Rodrigo Vergara hizo construir  a escala una pasarela, siguiendo el perturbado trazado  que  permite el acceso al punto de fuga efectivo, poniendo  particular cuidado en reproducir  el “andamiaje”  que  la sostiene.  La densidad constructiva remite a la persistencia que tiene el modelo leninista de partido en el imaginario comunista.  Pero el objeto apunta a  fijar la reducción de una línea política, que se debe conformar con la exaltación de un acto que desplaza la atención del verdadero motivo por el que los cuatro presos políticos estaban recluidos; a saber, el descubrimiento de una operación de internación de armas que se inscribirá en los anales de la ineptitud.   La maqueta tiene por misión fijar, entonces, un nivel determinado de lo narrable, pero como sustitución de un fracaso organizativo de proyecciones políticas incalculables.

Mediante la fabricación de la maqueta,  Rodrigo Vergara  promueve con éxito  la conversión  del “discurso heroico” de los sujetos  en una “animita”  erigida para conjurar la angustia ante la  deflación de su propia matriz.   La extrema pregnancia de elementos constructivos del soporte apunta a la debilidad de la infraestructura partidaria sobre cuya pasarela los sujetos deben cumplir la única tarea para la cual demostrarán aptitud: la fuga.  

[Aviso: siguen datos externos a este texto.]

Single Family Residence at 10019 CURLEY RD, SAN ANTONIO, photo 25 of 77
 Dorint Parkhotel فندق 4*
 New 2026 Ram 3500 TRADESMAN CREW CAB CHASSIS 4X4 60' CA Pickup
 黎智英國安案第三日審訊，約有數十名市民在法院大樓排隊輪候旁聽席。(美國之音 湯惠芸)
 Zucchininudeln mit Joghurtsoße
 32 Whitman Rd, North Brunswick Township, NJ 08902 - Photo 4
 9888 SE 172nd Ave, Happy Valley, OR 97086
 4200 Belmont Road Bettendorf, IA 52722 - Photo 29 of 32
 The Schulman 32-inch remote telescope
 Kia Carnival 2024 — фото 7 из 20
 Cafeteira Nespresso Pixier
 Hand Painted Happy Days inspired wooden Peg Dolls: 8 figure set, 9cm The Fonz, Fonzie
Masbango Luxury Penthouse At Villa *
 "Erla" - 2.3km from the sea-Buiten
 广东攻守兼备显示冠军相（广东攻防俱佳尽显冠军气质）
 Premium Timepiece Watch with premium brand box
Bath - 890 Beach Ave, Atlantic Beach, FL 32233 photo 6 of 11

                      (Rodrigo Vergara)



El  tema pendiente es el de la historia interpelada por los artistas, ya sea mediante la evidencia  de la colonialidad de la enseñanza del dibujo como del reduccionismo sentimental  de la telenovela.  Hay que mencionar que en la misma época del viaje de Disney a Chile, el mexicano Siqueiros pintaba los murales de Chillán, y que ambos estaban comprometidos en la lucha contra las fuerzas del Eje.   Y que mientras tenía lugar la fuga referida por Rodrigo Vergara, era transmitida por televisión una telenovela que llevaba por título Mi nombre es Lara.  Lo que agrega elementos que podemos calificar de patéticos es que uno de los sujetos de la fuga, quizás el “más importante”,  era un mediocre actor de teatro que no hizo más que poner en escena su propia ineptitud como agente político-militar, siendo la fuga, la única victoria que pudo atribuirse.  De este modo, la fijación de Rodrigo Vergara por el modelo de relato y por el sujeto de su enunciación se revela como  la crítica más severa de la impostura política, ya que su obra exhibe la consistencia dudosa de la propia metáfora del andamio como significante leninista.